Sorry for the dog poo on the deck. I just noticed it was on the deck. All of the acres we have & they have to do it on the front deck.. lol

Thanks

Phil


----------



## SmokinAl (Mar 4, 2016)

Great score Phil!

Al


----------



## phatbac (Mar 4, 2016)

Awesome!

and if you hand't said anything i would have thought those were rocks!

Happy Smoking,

phatbac (Aaron)


----------



## worktogthr (Mar 4, 2016)

That is a great score!  Its hard to resist that 75% off price tag.  Made me end up with two more grills at a Home Depot clearance!


----------



## tropics (Mar 4, 2016)

great deal shame no Academy stores in my area.

Richie


----------



## gearjammer (Mar 5, 2016)

Wicked good deal man.

Pretty rare to find any deals that good.  

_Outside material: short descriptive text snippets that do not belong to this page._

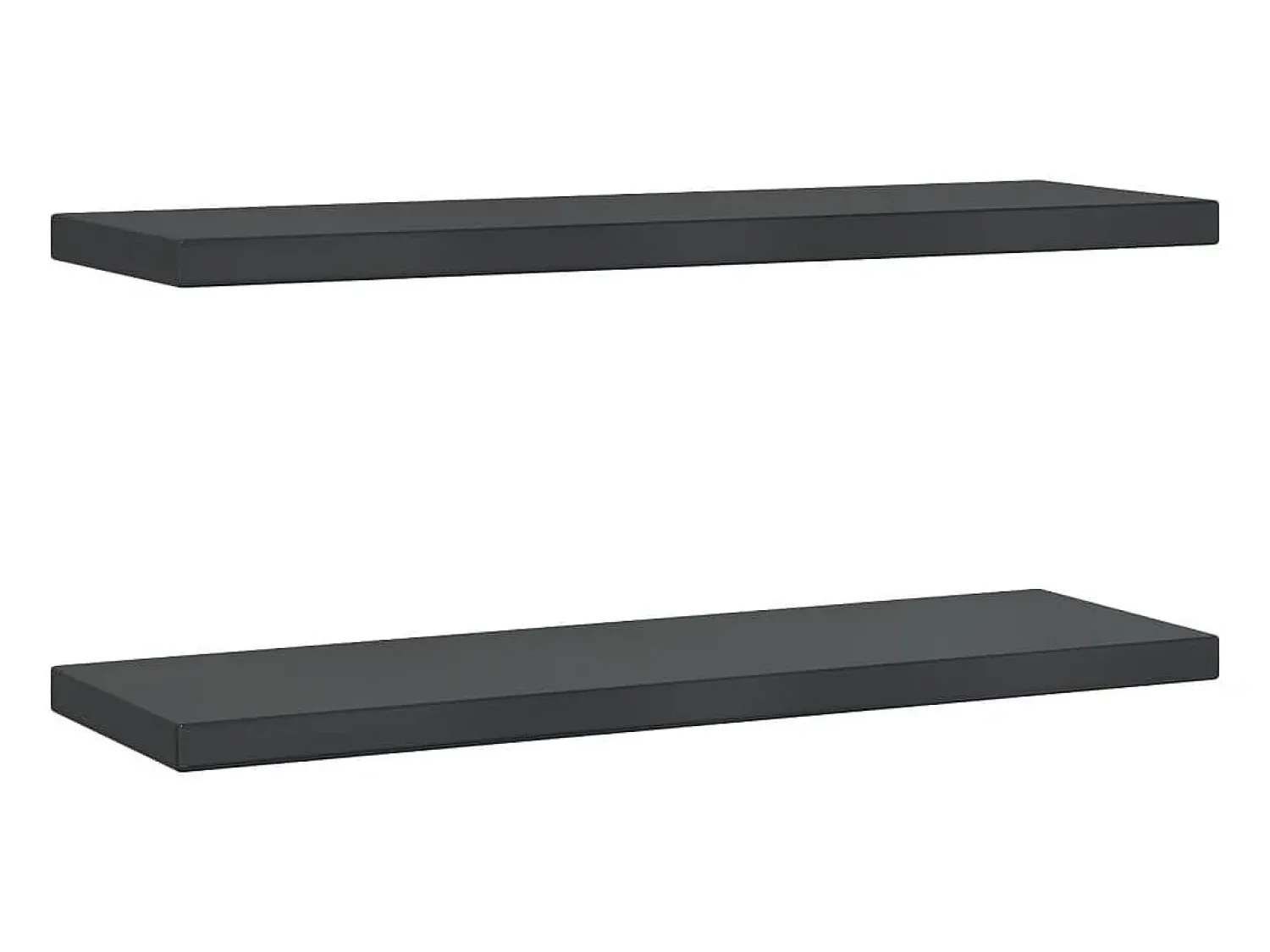 Prateleira| Prateleiras de parede 2 pcs 75x23,5x3cm aço inoxidável prateado PT471669 Preto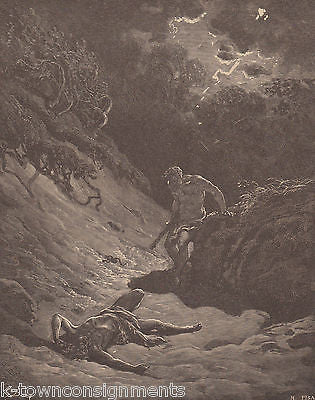 Cain Murders Able Gustave Dore 1890 Antique Bible Engraving Print - K-townConsignments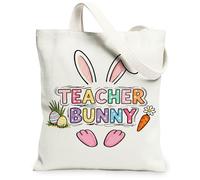 Borse di totalizzatore della tela del coniglietto di Pasqua, borse riutilizzabili della drogheria del modello floreale della primavera del coniglio sveglio, tracolla lavabile, bianco, 13x15 Inch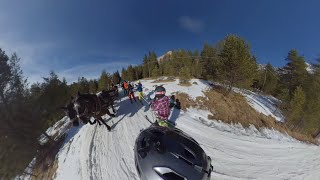 End of the Armentarola piste with horse carriage pulling you to the Alta Badia. Dolomiti Superski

Keep on smokin'                                   Ed


----------



## GaryHibbert (Mar 6, 2016)

That's a real deal buy.  Sure wish we had sales like that around here.

Gary


----------



## daveomak (Mar 6, 2016)

Phil......  You are one lucky dog.....   
	

	
	
		
		



		
			






  .....


----------



## alelover (Mar 6, 2016)

I think I'll go to Academy today.


----------



## philh (Mar 6, 2016)

Thanks everybody.. I figured I was pretty lucky.

I hope I helped someone else get lucky also.. lol


----------



## smokinpapist (Mar 6, 2016)

Awesome. I need a slicer as well.


----------



## m00se (Mar 6, 2016)

Dang, you did good! They have the slicer for $36 on their website but they're sold out :(

(I'm looking for one right now)

Cheers!


----------



## m00se (Mar 6, 2016)

Hah I re-tried and the site took my order this time. At $35.98 with shipping. We'll see if they follow through now. Thanks for the heads up PhilH!


----------



## smokinadam (Mar 6, 2016)

Nice one! We don't have one up here but I scored a very nice jerky gun from there last year when on a trip down south. The wife figured out a way to get it in the suitcase for the ride home.


----------



## philh (Mar 7, 2016)

The wife made chicken strips last night. We ran the strips through the meat tenderizer first then she breaded them and fried them.

They were the best fried chicken she has made. The chicken strips just fell apart in your mouth. Very tender.

Now she's not so mad at me for spending the money on these items.. lol


----------



## philh (Mar 7, 2016)

"sorry duplicate post"


----------